Studio album by Savatage
- Released: March 5, 2001
- Recorded: 1999–2000
- Studios: Soundtrack Studios and Studio 900 (overdubs), New York City
- Genres: Heavy metal, progressive metal
- Length: 62:36
- Labels: SPV/Steamhammer Nuclear Blast America (US only)
- Producers: Paul O'Neill, Jon Oliva

Savatage chronology
| The Wake of Magellan (1998) | Poets and Madmen (2001) | Still the Orchestra Plays (2010) |

Singles from Poets and Madmen
- "Commissar" Released: February 5, 2001;

= Poets and Madmen =

Poets and Madmen is the 11th studio album by American heavy metal band Savatage, released in 2001. It was their last album before their 12-year hiatus, which lasted from 2002 to 2014. The album has a loose concept inspired by the career and death of journalist Kevin Carter, but has much less narrative in the lyrics than the previous two rock operas (Dead Winter Dead and The Wake of Magellan) penned by Paul O'Neill. Everything said in the album is fiction, except with regard to what is sung about Carter. The album is also noted as it is the only Savatage album to not feature a title song from the album, although the title was taken from lyrics to the track "Symmetry" from the band's 1994 album, Handful of Rain.
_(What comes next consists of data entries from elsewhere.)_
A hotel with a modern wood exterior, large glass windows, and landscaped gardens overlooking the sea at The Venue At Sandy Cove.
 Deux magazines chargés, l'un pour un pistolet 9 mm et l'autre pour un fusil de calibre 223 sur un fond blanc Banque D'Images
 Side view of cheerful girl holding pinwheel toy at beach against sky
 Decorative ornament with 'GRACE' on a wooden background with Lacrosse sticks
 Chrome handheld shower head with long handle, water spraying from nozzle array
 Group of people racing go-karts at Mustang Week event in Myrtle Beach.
The album was the first since Streets: A Rock Opera in 1991 to feature the band's original vocalist Jon Oliva on lead vocals for all songs after the amicable departure of Zachary Stevens. It is also the first Savatage album to have guitarist Chris Caffery playing the majority of the guitar solos. This is partly due to the departure of Al Pitrelli, who left to join Megadeth prior to the album's release. However, Pitrelli was credited with the outro of "Stay With Me Awhile," the main solo of "Morphine Child" (the band's longest song to date at over 10 minutes), the main solo of "The Rumor," and the first part of the main solo and the outro of "Commissar". The United States bonus track "Shotgun Innocence" was originally a bonus track on the Japanese release of Edge of Thorns in 1993 and features Zachary Stevens on lead vocals, and the late Criss Oliva on guitar.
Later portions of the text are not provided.